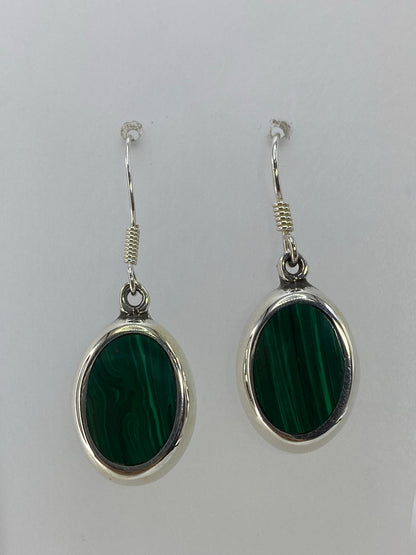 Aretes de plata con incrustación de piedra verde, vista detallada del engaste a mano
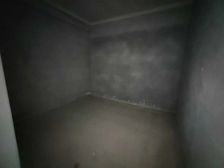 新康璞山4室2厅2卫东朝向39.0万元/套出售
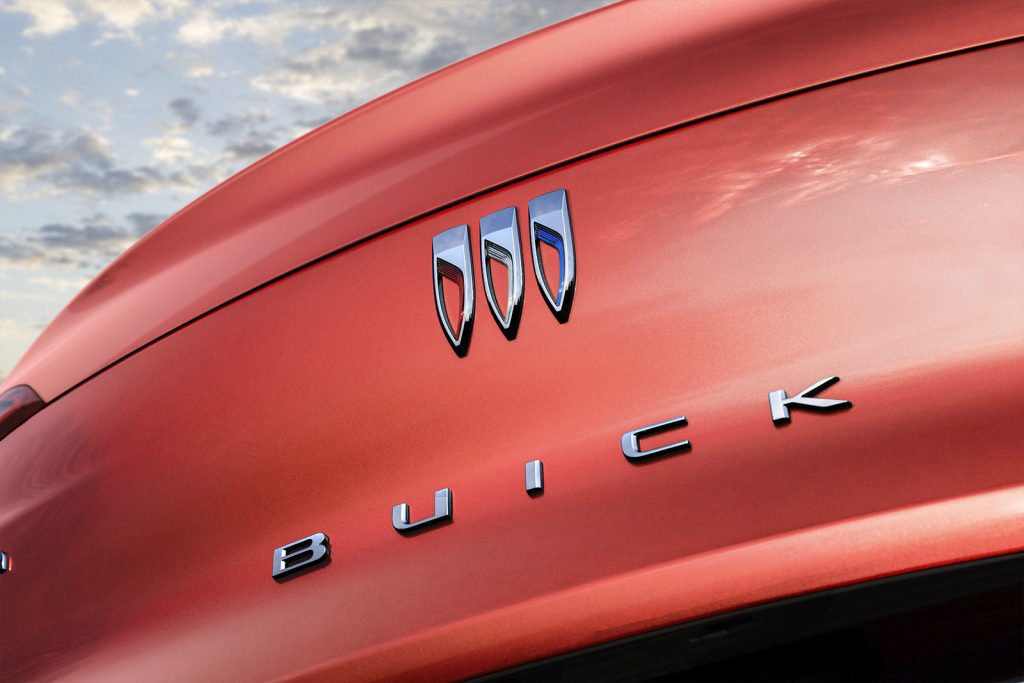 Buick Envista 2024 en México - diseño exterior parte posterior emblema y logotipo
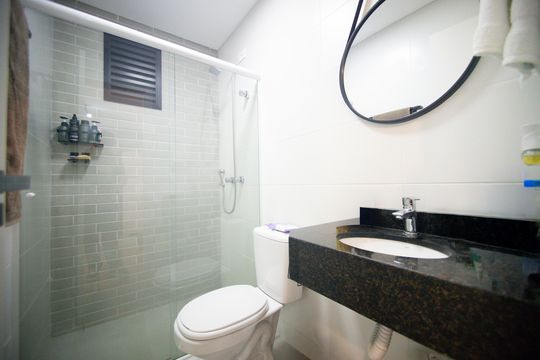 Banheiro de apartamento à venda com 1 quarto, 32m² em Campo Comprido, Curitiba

——

About this task = Recopy the full listing exactly, passing over any picture.

Exercise solution =
 Aretes de plata con incrustación de piedra verde, vista detallada del engaste a mano
 新康璞山4室2厅2卫东朝向39.0万元/套出售
 Buick Envista 2024 en México - diseño exterior parte posterior emblema y logotipo
 Banheiro de apartamento à venda com 1 quarto, 32m² em Campo Comprido, Curitiba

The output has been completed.